Participants and Setting
A total of 115 participants, 33 males and 82 females, over the age of 60, community-dwelling, primarily retired, and from East Providence, Rhode Island and surrounding communities in Rhode Island and Massachusetts.
Measurements
Height and weight were measured and used to calculate body mass index. Waist circumference was measured. Medical history and medication use surveys were completed. Dietary assessment was done via three 24 hour recalls using NDS-R. The Yale Physical Activity Survey was used to determine energy expenditure during exercise and a physical activity summary score. Fasting blood samples were obtained to determine lipid profile.
Results
37 participants (32.2%) reported taking lipid-lowering medication, statins exclusively, and 78 (67.8%) reported not taking any lipid-lowering medication. Participants who reported taking statins had better lipid profiles than those participants who reported not taking statins but had significantly lower intakes of vitamin B12, vitamin K, calcium, and potassium. There were no differences between groups on reported physical activity. However, the mean intakes for both groups did not meet the Dietary Reference Intakes for multiple nutrients.
Conclusion
Older adults need additional education on the importance of lifestyle changes in reducing CHD risk, whether taking lipid-lowering medications or not.
Keywords: elderly, statins, dietary intake, cholesterol
Introduction
Over 80% of those who die from coronary heart disease (CHD) are 65 years or older and for those who survive a heart attack, their life expectancy can decrease up to fifteen years (1). Strategies to reduce risk and treat CHD include diet and physical activity modifications, lipid-lowering medications, such as statins, and in some circumstances, surgery (2). The National Heart, Lung, and Blood Institute (NHLBI) and the American Heart Association (AHA) consider lifestyle improvements the first therapeutic option (2, 3) and if medications and/or surgery are needed, healthy diets and regular physical activity are critical to maintain the lowest risk profile (2–5). Although many older adults believe diet can manage CHD-related dyslipidemia, they do not attempt lifestyle modifications in conjunction with medication because it’s thought taking statins is easier (6). The lack of lifestyle improvements may be due to an expectation that medications replace healthy lifestyle choices and this belief can result in poor dietary quality and a sedentary lifestyle, which attenuates the effectiveness of lipid-lowering medications (6).
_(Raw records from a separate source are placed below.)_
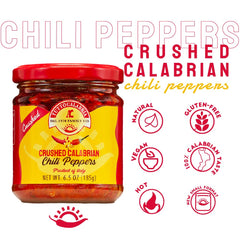 TuttoCalabria chili flakes spice-dispensing spoon demo showcases versatile topping and drizzle use.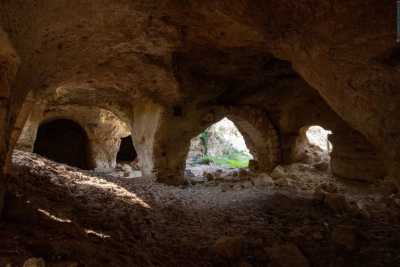 La "cava del prete", quel giacimento di tufo che serv� a costruire il lungomare di Bari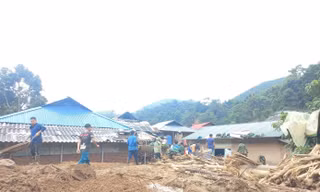 Uỷ ban Trung ương MTTQ Việt Nam phân bổ 131 tỷ đồng hỗ trợ khắc phục hậu quả mưa lũ 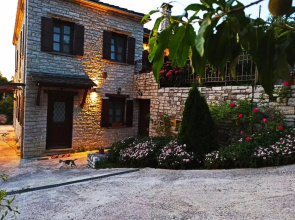 Foris House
Tailored education regarding the synergistic effect of multiple strategies to reduce CHD risk is needed if taking a lipid-lowering medication leads to poor lifestyle choices.
Agencies including NHLBI and AHA have similar dietary recommendations for CHD prevention and treatment (2, 7–9); 50–60% carbohydrate, 15% protein, and 25% to 35% total fat (<7% saturated and ≤20% monounsaturated fat) and < 300 mg of cholesterol. Additional recommendations include 4.5 cups of fruits and vegetables a day and half of grains consumed should be whole grains (2, 9). The American College of Sports Medicine (ACSM) recommends that older adults utilize physical activity as a key management tool to prevent and treat CHD and CHD-related disability (10). ACSM recommendations include at least 30 minutes of moderate- intensity aerobic activity five days/week or vigorous activity for at least 20 minutes three days/week (10). Muscle-strengthening and flexibility are each recommended at least two days/week as well as balance activities (10). Older adults with clinically significant CHD may need a supervised activity program. Patients at risk for CHD should attempt dietary and physical activity modifications for at least three months prior to starting lipid-lowering medications as some individuals can maintain target lipid levels through these methods exclusively (2). If target lipid concentrations cannot be maintained by diet and activity alone, medications and lifestyle modifications can have an additive effect on reducing CHD risk compared to statins alone.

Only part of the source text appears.